RECORDS FOR THIS EXERCISE.
■ ■ ■ ■ ■

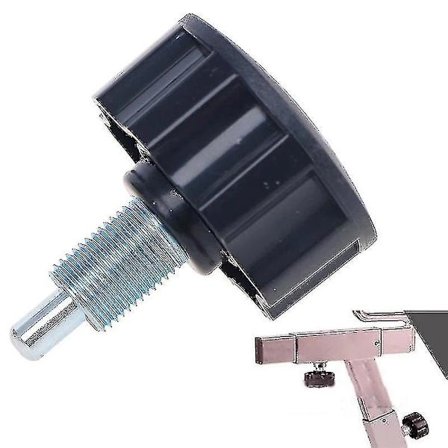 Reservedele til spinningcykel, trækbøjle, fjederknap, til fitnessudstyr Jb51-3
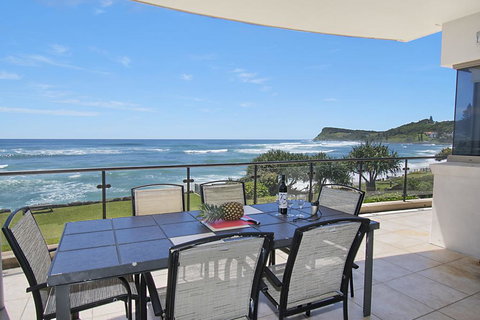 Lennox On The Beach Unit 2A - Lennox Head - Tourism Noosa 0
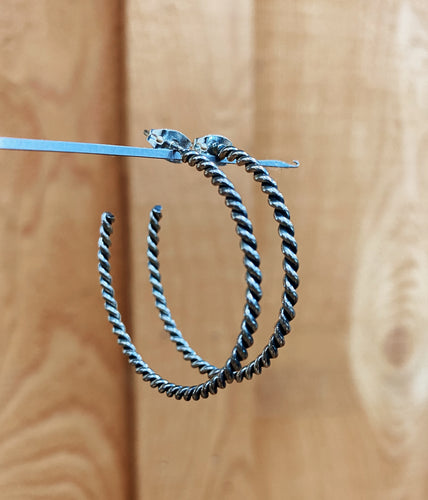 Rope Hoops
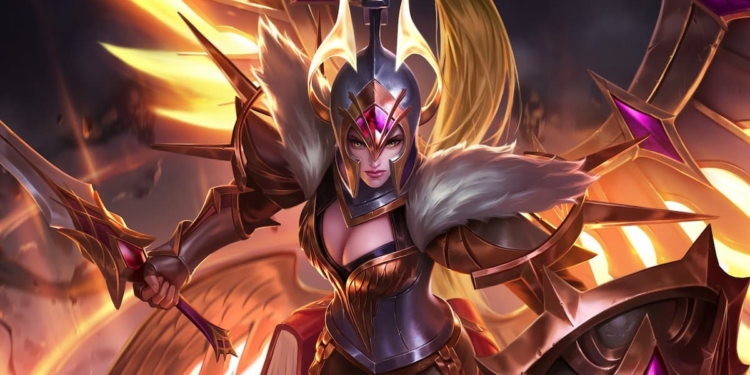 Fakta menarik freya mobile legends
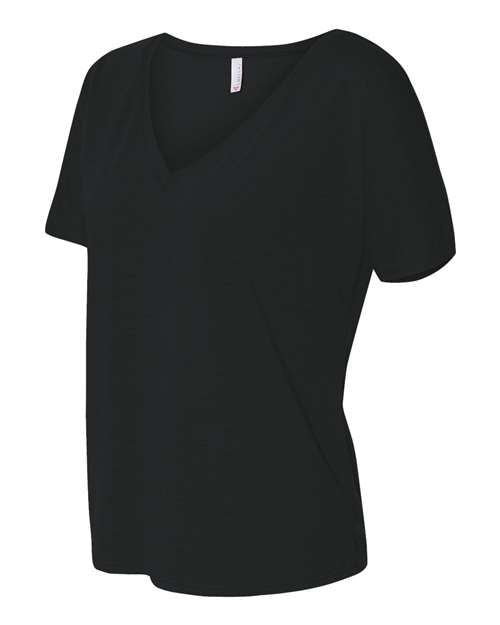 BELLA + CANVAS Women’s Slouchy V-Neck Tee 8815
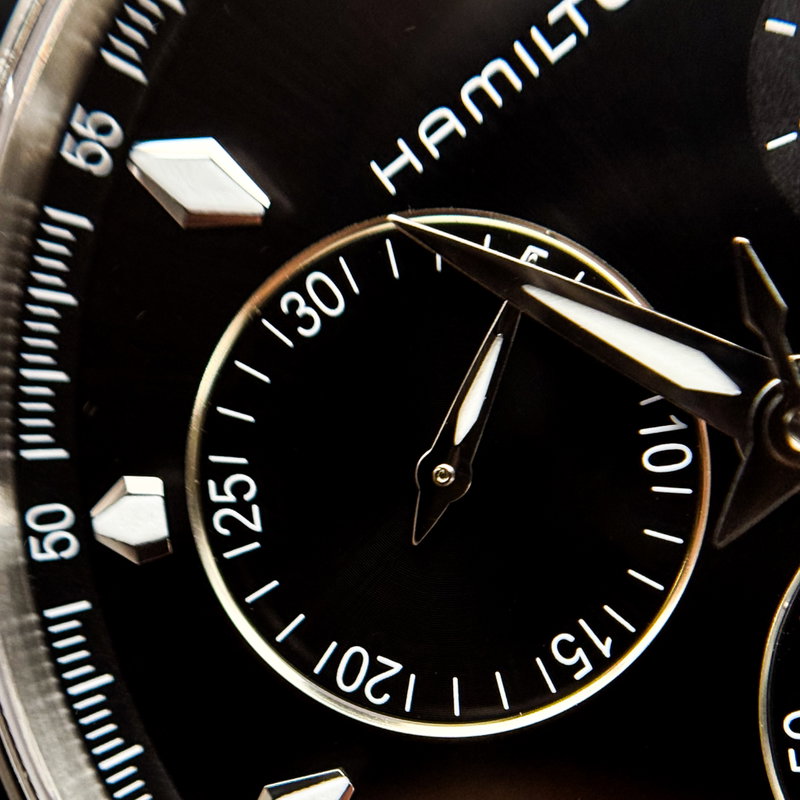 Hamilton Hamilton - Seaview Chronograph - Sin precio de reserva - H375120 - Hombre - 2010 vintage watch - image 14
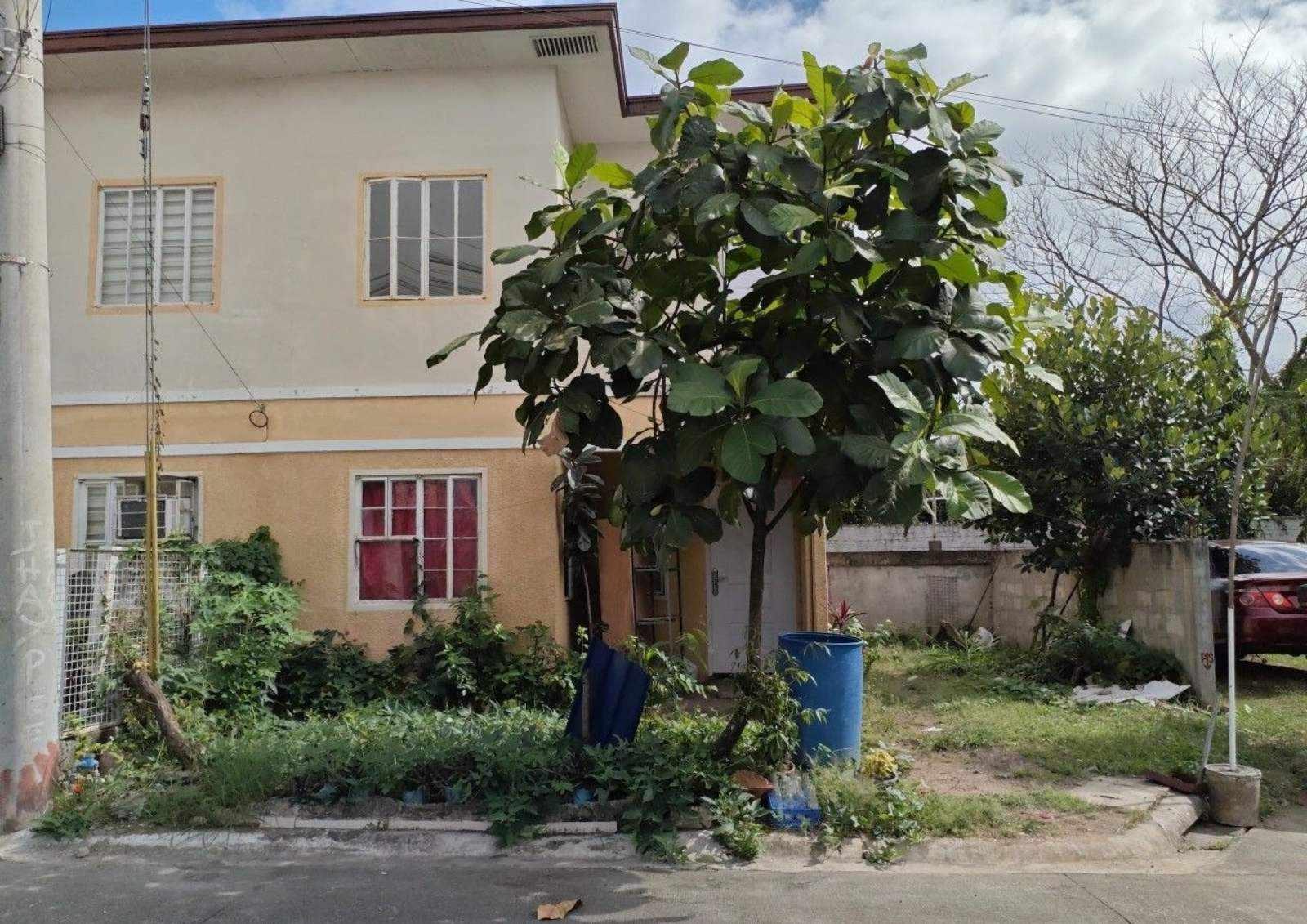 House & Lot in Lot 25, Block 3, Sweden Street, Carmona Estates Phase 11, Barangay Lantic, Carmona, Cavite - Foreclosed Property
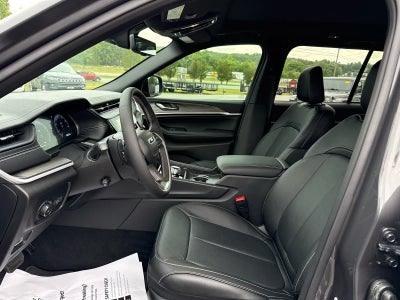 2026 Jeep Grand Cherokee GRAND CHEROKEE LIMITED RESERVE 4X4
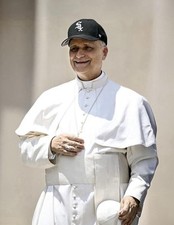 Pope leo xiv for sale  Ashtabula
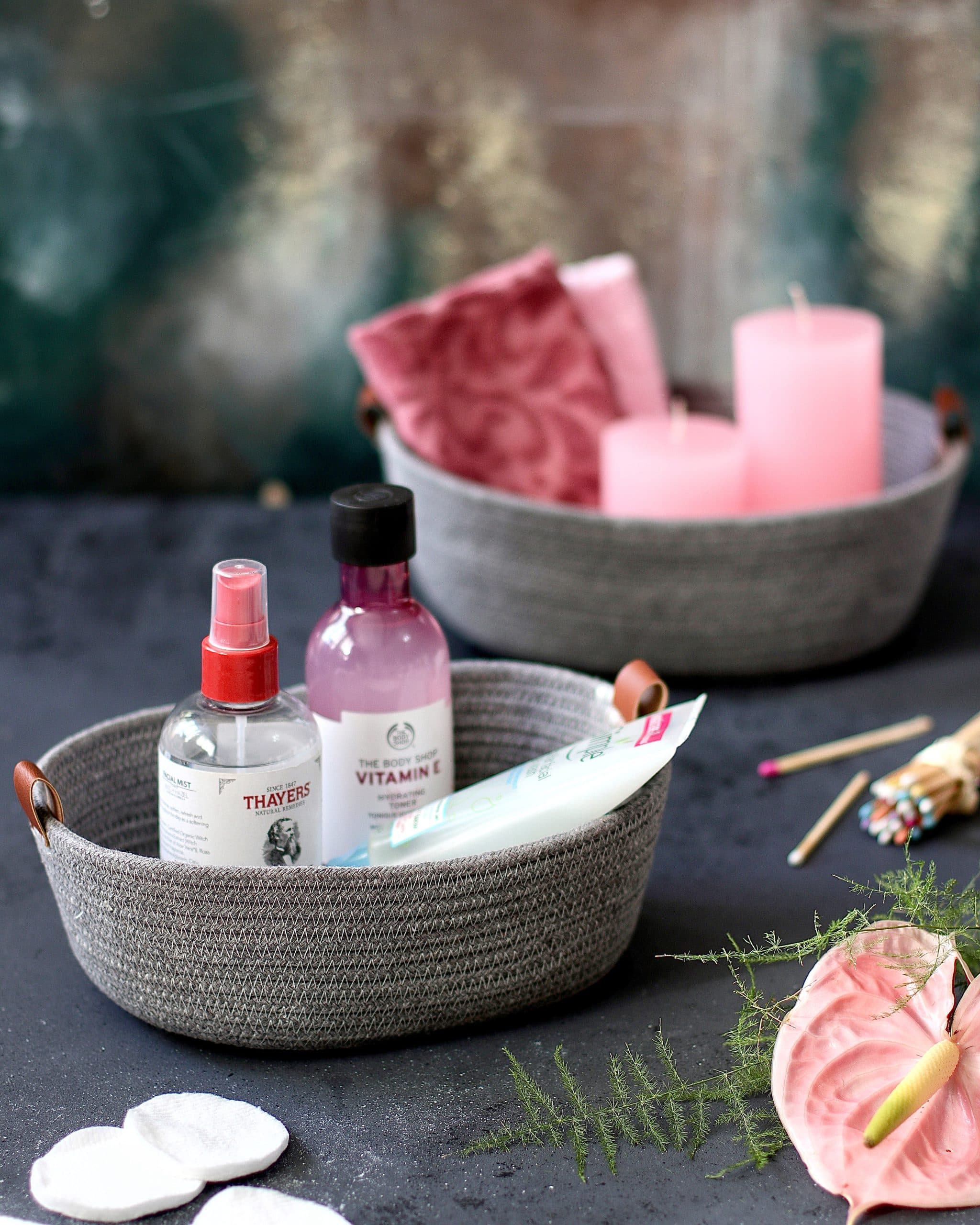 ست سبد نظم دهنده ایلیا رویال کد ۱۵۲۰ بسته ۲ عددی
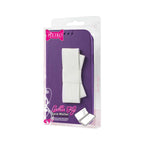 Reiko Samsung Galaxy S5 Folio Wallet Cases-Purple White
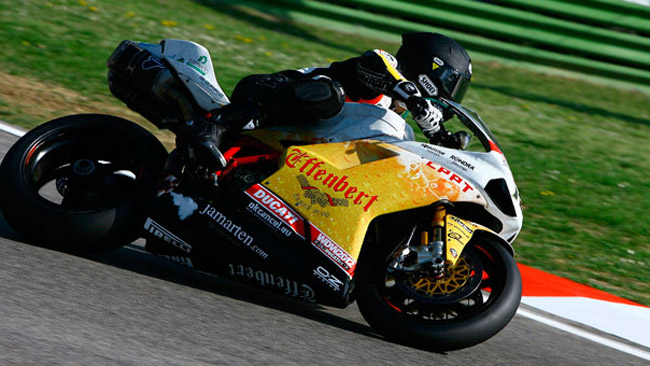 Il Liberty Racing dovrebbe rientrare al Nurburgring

■ ■ ■ ■ ■

WORK TASK.
Reproduce the records in full and leave the images behind.

EXERCISE RESULT.
 Reservedele til spinningcykel, trækbøjle, fjederknap, til fitnessudstyr Jb51-3
 Lennox On The Beach Unit 2A - Lennox Head - Tourism Noosa 0
 Rope Hoops
 Fakta menarik freya mobile legends
 BELLA + CANVAS Women’s Slouchy V-Neck Tee 8815
 Hamilton Hamilton - Seaview Chronograph - Sin precio de reserva - H375120 - Hombre - 2010 vintage watch - image 14
 House & Lot in Lot 25, Block 3, Sweden Street, Carmona Estates Phase 11, Barangay Lantic, Carmona, Cavite - Foreclosed Property
 2026 Jeep Grand Cherokee GRAND CHEROKEE LIMITED RESERVE 4X4
 Pope leo xiv for sale  Ashtabula
 ست سبد نظم دهنده ایلیا رویال کد ۱۵۲۰ بسته ۲ عددی
 Reiko Samsung Galaxy S5 Folio Wallet Cases-Purple White
 Il Liberty Racing dovrebbe rientrare al Nurburgring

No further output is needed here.